Technical colleges begin open-ended strike

Technical colleges begin open-ended strike

Staff in showdown with Finance Ministry over budget for Israel's trade schools; more than 20,000 students affected

ORT technological college in Maale Adumim (photo credit: Moshe Shai/Flash90)
ORT technological college in Maale Adumim (photo credit: Moshe Shai/Flash90)

Faculty at Israel’s technical colleges began an open-ended strike on Sunday, the latest move in a showdown with the Finance Ministry over the budget for the country’s 53 trade schools.

The colleges are asking the ministry to approve an emergency budget of NIS 140 million ($40 million), 80 million of which will be earmarked for the current academic year and the rest which would be allocated to the schools over five years. The Finance Ministry has offered an increased budget of NIS 90 million, distributed evenly over five years.

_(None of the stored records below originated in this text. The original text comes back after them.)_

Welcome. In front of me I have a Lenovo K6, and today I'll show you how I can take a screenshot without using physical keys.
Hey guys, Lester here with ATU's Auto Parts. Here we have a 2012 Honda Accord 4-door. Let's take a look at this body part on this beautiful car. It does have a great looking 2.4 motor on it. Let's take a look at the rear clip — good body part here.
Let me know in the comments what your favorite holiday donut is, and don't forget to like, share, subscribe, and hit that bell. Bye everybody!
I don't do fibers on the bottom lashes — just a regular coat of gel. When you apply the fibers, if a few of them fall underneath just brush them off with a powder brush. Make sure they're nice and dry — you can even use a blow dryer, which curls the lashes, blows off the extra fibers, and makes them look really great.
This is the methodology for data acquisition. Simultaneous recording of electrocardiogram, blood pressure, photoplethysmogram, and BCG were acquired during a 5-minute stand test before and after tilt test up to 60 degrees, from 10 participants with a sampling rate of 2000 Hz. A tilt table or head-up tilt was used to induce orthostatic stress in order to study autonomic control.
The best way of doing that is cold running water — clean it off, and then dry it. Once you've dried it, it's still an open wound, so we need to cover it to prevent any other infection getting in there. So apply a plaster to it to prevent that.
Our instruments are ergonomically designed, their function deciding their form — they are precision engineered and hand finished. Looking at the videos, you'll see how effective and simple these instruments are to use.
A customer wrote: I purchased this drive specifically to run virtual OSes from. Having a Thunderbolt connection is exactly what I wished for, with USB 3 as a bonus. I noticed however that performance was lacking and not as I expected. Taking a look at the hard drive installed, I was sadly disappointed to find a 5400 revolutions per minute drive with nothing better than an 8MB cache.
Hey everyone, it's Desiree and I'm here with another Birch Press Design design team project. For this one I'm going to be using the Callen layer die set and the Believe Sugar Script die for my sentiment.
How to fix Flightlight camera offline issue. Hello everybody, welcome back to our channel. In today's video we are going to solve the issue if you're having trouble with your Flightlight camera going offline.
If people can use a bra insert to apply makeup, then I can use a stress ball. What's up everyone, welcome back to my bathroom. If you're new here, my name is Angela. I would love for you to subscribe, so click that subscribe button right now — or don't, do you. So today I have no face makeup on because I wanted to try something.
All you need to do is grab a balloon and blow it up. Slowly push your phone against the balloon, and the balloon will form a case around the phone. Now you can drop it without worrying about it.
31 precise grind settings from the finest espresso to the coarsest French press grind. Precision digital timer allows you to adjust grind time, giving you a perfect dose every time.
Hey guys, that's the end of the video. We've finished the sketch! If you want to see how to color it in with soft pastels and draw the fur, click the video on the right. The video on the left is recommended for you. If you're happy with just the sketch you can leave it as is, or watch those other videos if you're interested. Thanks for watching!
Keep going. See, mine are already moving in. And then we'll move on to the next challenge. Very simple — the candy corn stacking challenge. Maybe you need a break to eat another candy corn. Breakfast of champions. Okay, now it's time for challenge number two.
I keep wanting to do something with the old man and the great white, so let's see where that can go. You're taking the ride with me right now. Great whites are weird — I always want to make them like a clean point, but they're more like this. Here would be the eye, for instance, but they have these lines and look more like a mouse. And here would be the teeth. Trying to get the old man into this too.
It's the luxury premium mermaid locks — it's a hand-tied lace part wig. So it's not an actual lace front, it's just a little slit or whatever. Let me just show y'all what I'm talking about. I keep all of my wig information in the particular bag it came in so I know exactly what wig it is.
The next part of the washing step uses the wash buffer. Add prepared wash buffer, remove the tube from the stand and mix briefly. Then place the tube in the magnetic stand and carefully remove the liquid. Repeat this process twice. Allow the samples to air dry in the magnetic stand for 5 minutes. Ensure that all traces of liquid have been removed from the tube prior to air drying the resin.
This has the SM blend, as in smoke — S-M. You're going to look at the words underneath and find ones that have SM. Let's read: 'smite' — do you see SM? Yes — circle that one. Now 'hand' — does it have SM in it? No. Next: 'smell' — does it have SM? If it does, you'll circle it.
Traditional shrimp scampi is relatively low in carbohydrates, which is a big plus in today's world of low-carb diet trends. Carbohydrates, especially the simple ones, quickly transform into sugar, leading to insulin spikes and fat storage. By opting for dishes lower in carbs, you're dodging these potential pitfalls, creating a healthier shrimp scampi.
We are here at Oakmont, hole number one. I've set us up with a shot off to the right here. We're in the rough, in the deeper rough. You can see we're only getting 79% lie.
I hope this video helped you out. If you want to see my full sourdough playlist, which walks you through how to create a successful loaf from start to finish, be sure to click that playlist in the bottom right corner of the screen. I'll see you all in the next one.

The impasse came to a head last week after college staff staged a multi-day hunger strike outside the Knesset. The colleges complain that government funding for students of technical colleges is only 25 percent of what is given to universities for their students, and that their general budgets have not changed over the last 30 years, leading to outdated equipment and facilities.

Student groups representing the more than 20,000 pupils at the colleges affected by the strike largely support the move.

Danny Kapari, head of the Technological College Student’s Organization in Beersheba, told the Ynet news outlet that he felt the general strike was “inevitable.”

The national university student’s union has said it would call a solidarity strike of students at all Israel’s universities if the issue is not resolved by the end of October, Haaretz reported.

Also on Sunday, post office workers throughout the country staged a limited strike in protest of what they said is “unreasonable pressure” placed upon them due to budget limitations, which create lengthy waits for customers and overextend the workers. As a result of the strike, post offices will close at 3:30 p.m. on Sunday, several hours early.